First Big European Bank To Announce 2019 Dividends Is UBS
The first major European bank that has paid the full dividend for last year despite the upheaval to economics and businesses cause by the novel coronavirus pandemic was UBS. On Thursday, shareholders of the lender   approved payment of dividend of the second half of its 2019.
A decision to postpone payment of part of its 2019 dividend was announced back in April by UBS as well as its rival Swiss bank Credit Suisse after there was increased pressure form banking regulators on the lenders about the banks paying out dividends even during the dire economic period state because of the pandemic.
In March and April, when the uncertainty and the economic turmoil over the Covid-19 pandemic was at its peak, lenders across the United Kingdom and the euro zone were announcement postponement of them paying out the shareholders dividends for 2019. On the other hand a milder approach was adopted by the Swiss financial market supervisor FINMA as it did not directly prevent the banks from making payments ot shareholders but warned the banks about not paying any dividends from 2019 to shareholders and instead advising them to hold that cash as conserved capital.  

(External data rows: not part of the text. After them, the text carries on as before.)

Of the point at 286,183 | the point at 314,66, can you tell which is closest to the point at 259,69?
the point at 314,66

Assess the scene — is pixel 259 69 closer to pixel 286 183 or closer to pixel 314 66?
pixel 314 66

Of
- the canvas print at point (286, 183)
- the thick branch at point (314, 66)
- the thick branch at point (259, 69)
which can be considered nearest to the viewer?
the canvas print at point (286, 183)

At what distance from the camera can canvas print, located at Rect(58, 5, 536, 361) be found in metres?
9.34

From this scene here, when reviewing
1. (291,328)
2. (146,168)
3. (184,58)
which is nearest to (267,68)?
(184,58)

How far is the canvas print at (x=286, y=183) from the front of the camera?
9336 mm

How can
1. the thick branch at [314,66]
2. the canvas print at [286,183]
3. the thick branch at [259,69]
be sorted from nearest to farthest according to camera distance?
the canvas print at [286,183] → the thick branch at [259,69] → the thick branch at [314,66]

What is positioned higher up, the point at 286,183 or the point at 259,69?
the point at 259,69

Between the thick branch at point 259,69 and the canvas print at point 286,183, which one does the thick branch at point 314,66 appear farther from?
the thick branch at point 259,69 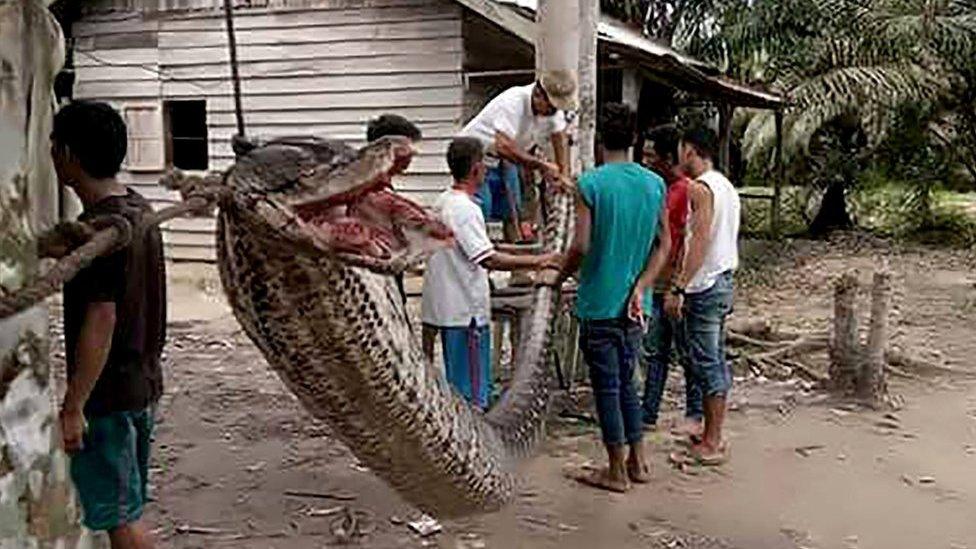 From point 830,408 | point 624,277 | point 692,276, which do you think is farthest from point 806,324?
point 624,277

Since then however, the economic hit of the pandemic has been well weathered out all of the major Swiss banks because of their strong capital positions.
In a virtual extraordinary general meeting, an agreement for the payout of a special dividend of $0.365 per share was arrived at about 99.49 per cent of the shareholders of UBS on Thursday. That amount was the same as the initial payment made to the lender’s shareholders back in May.
Its extraordinary general meeting would be held by Credit Suisse on November 27 where in the bank will request the shareholders to approve the second tranche of its 2019 dividend payment.
UBS said that in order to meet the requirement for cash for [paying shareholders next year, a sum of about $2.5 billion has been set aside by it. The bank also said that it had also decided to rebalance the amount of pay outs earmarked for buybacks to favour these over dividends at the insistence of the FINMA.
This approach gave the bank greater flexibility in the current uncertain economic environment, said the lender’s former CEO Sergio Ermotti.